--- WHAT THE TASK REQUIRES ---
Transcribe word for word each line from the one containing "Ombre Clothing Světle" to the final line of the data, both included. Skip the pictures.

Dataset records
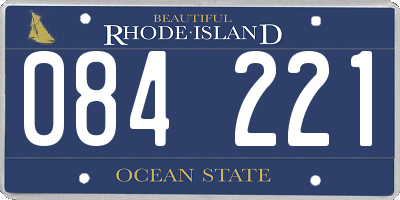 RI license plate 084221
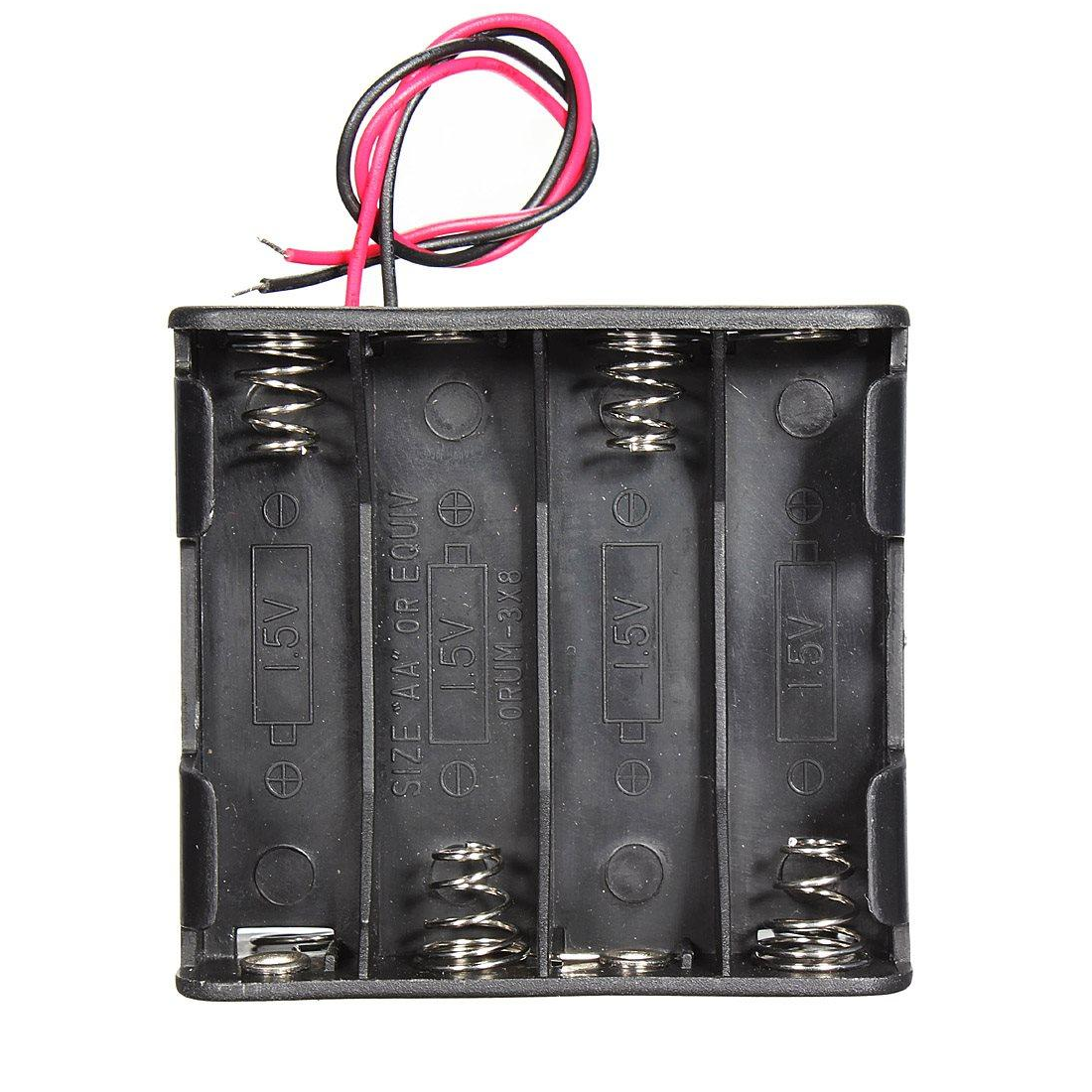 4 x AA Battery Holder Box, Without Cover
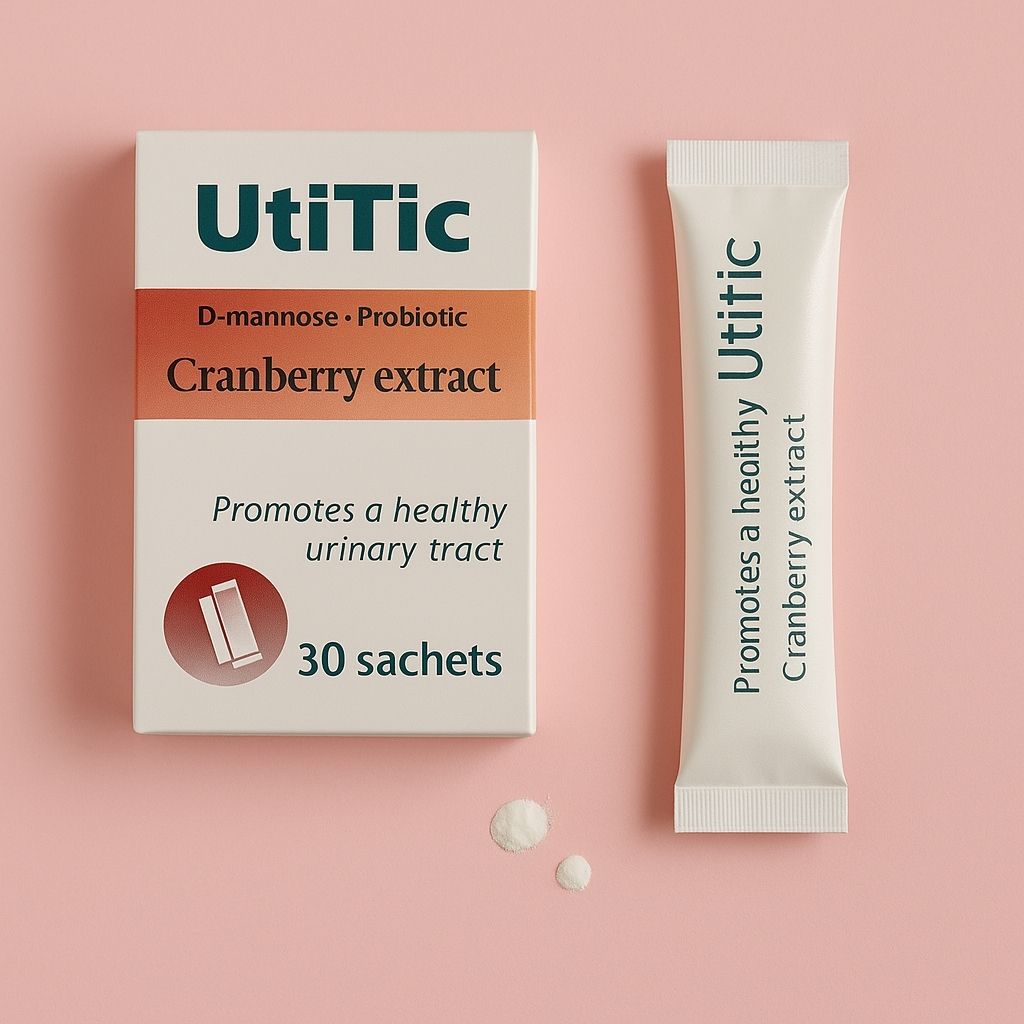 UtiTic 30 Sachets – Natural Urinary Tract Support with Cranberry.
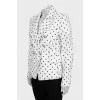 Polka dot jacket with tag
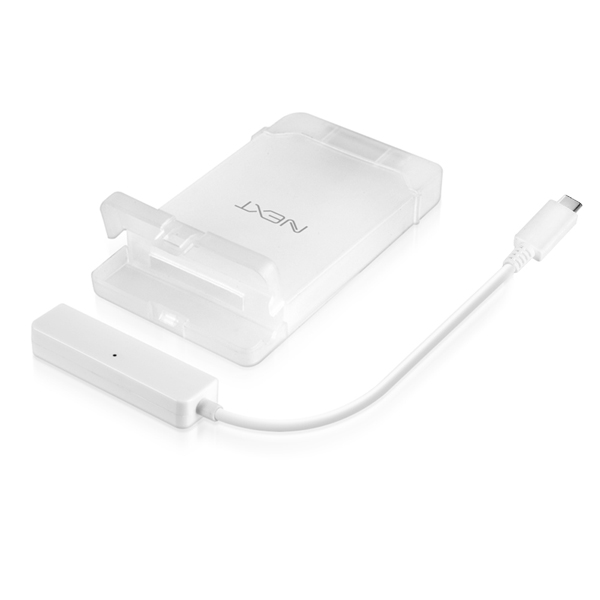 넥스트유 USB 3.1 Type C (Gen2) 2.5인치 외장 하드 원터치 모듈 분리형 435TC - 메인 이미지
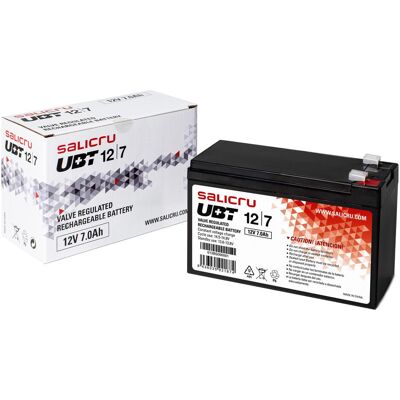 Salicru UBT 12/7 - USV-Akku - 1 x Bleisäure 7, USV Zubehör Salicru UBT 12/7 - USV-Akku - 1 x Bleisäure 7, USV Zubehör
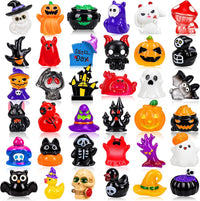 44Pcs Halloween Mini Ghost Figurines 44 Styles Luminous Resin - 54pcs-halloween Figures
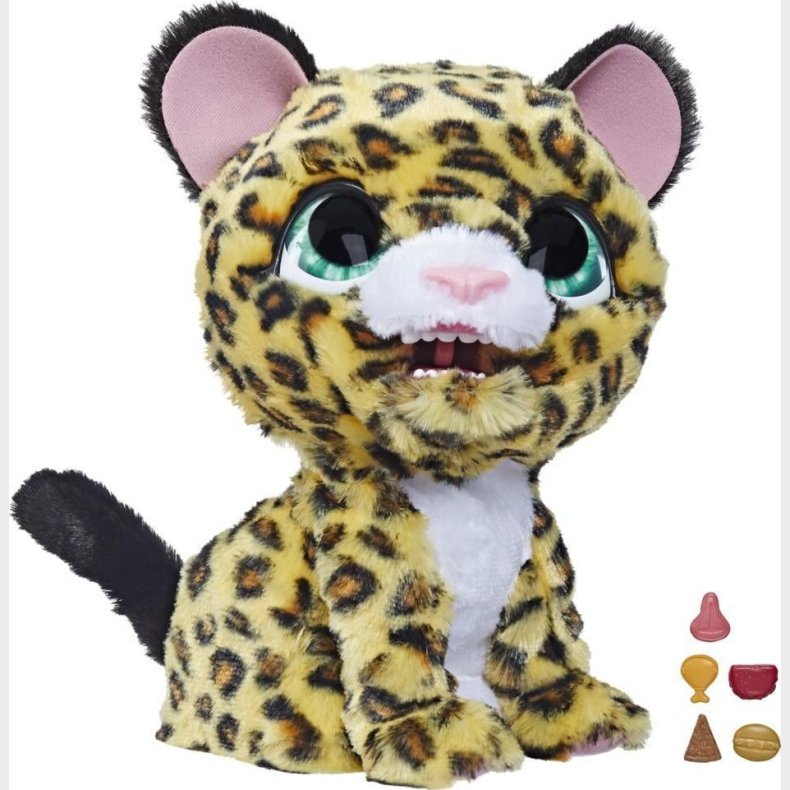 Furreal Lil' Wilds - Lolly The Leopard - Interaktiv Leopard Bamse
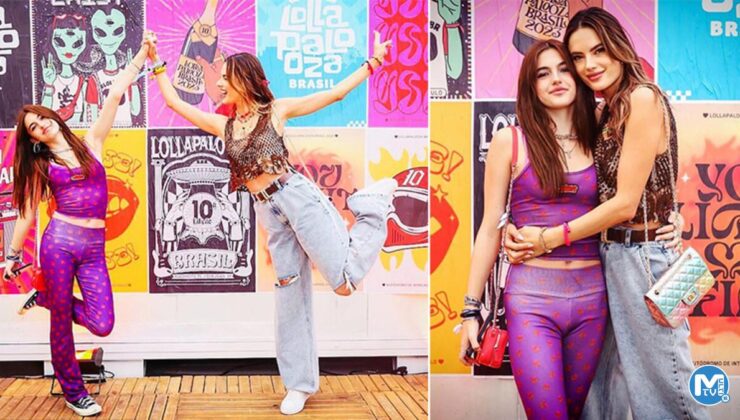 Gören dönüp bir daha bakıyor: Ünlü modelin kızı annesinin ikizi gibi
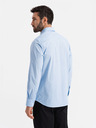 Ombre Clothing Světle modrá pánská košile Ombre Clothing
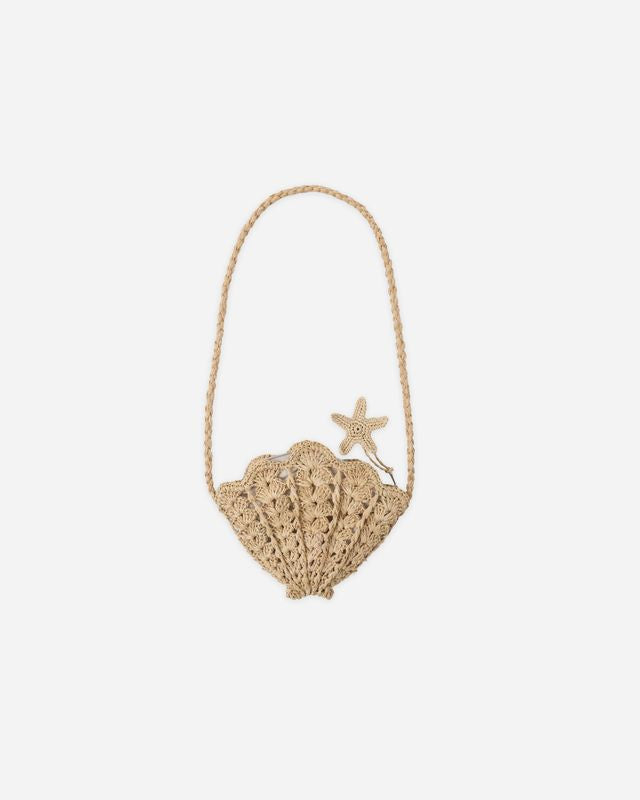 Rylee and Cru Shell Purse Straw Little Sprout
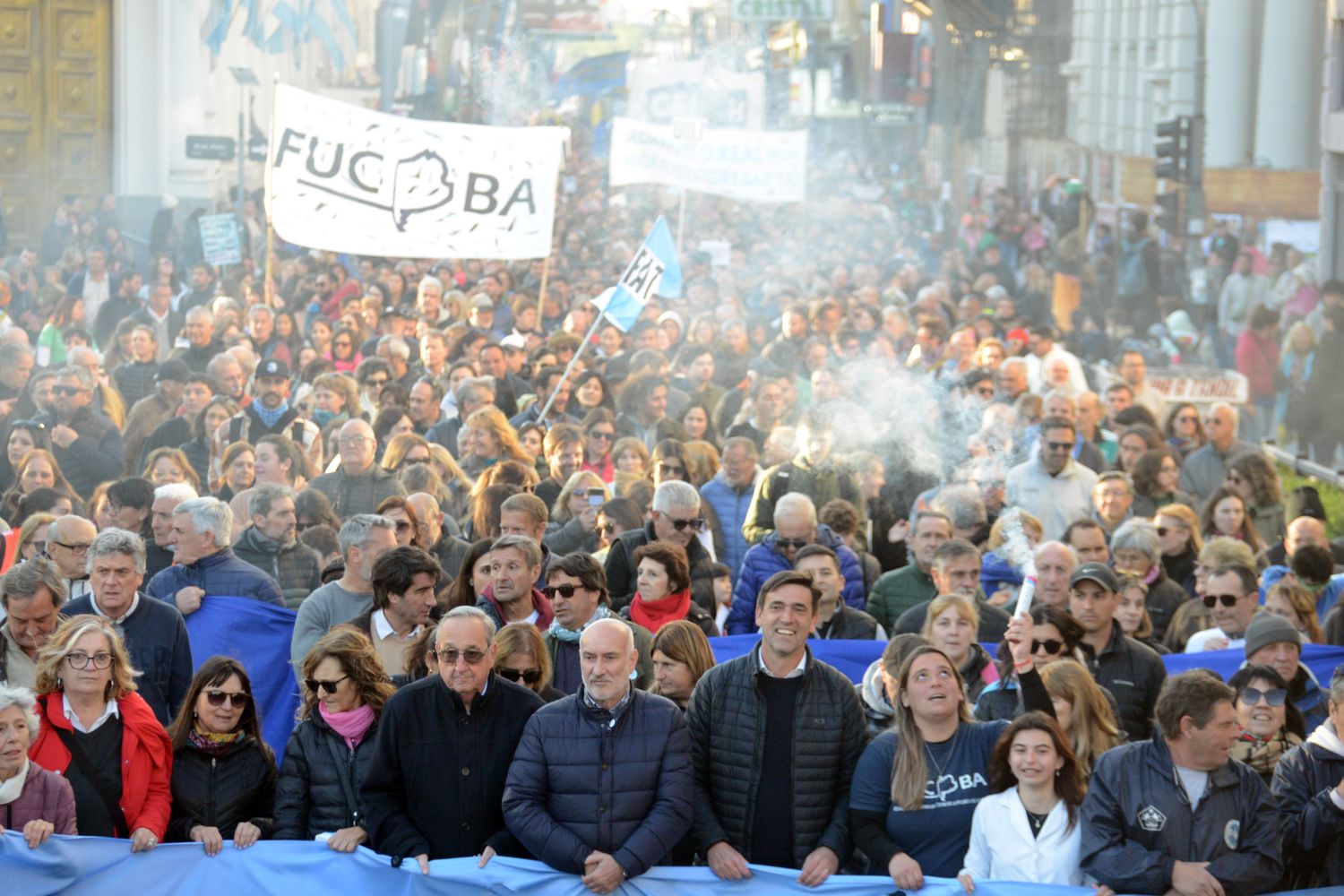 La Marcha Federal Universitaria se replicó en Tandil.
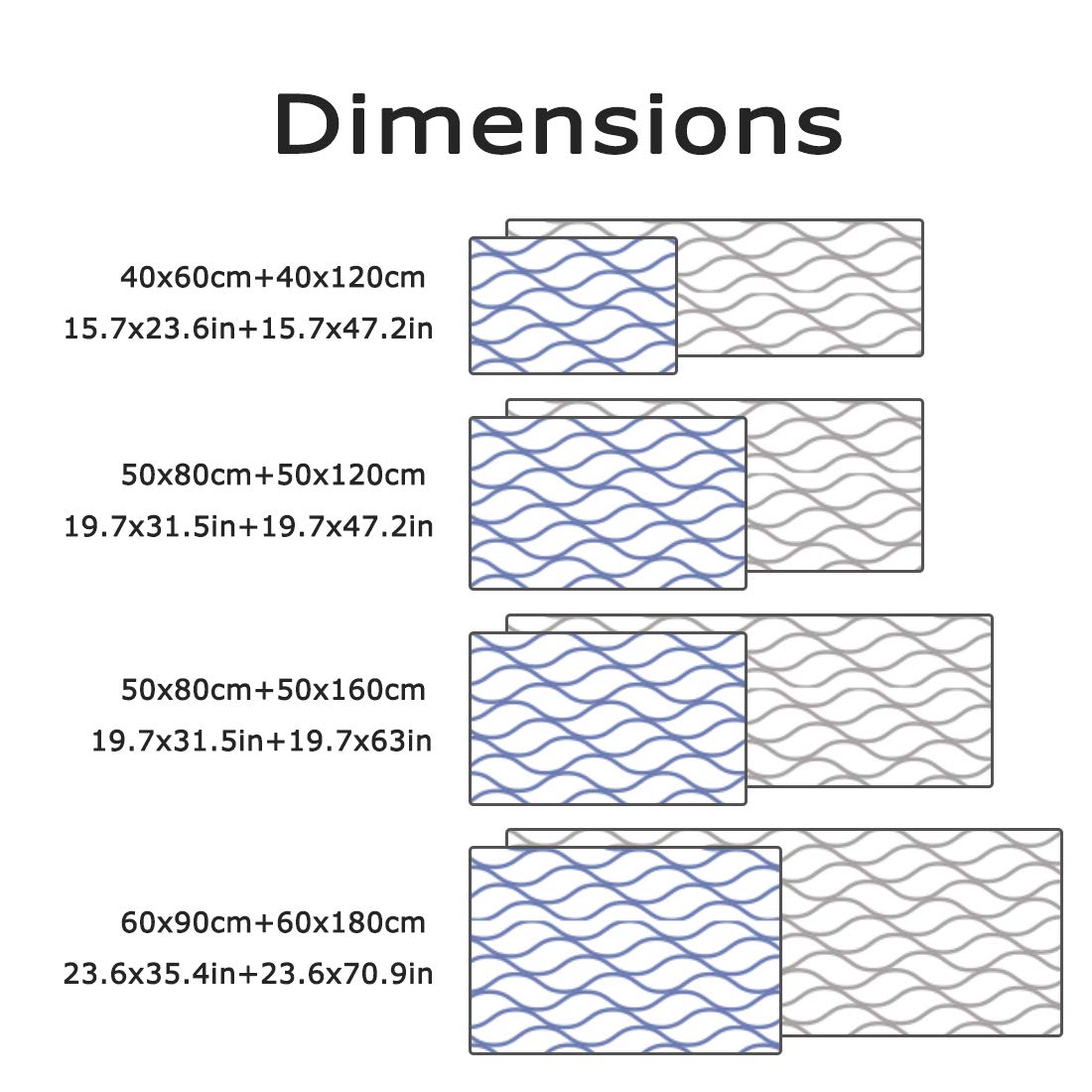Anti-Fatigue Kitchen Floor Mats - Non-Slip Waterproof 2-Pack for Standing Comfort | Sunflower Design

--- ANSWER SPACE ---
 Ombre Clothing Světle modrá pánská košile Ombre Clothing
 Rylee and Cru Shell Purse Straw Little Sprout
 La Marcha Federal Universitaria se replicó en Tandil.
Anti-Fatigue Kitchen Floor Mats - Non-Slip Waterproof 2-Pack for Standing Comfort | Sunflower Design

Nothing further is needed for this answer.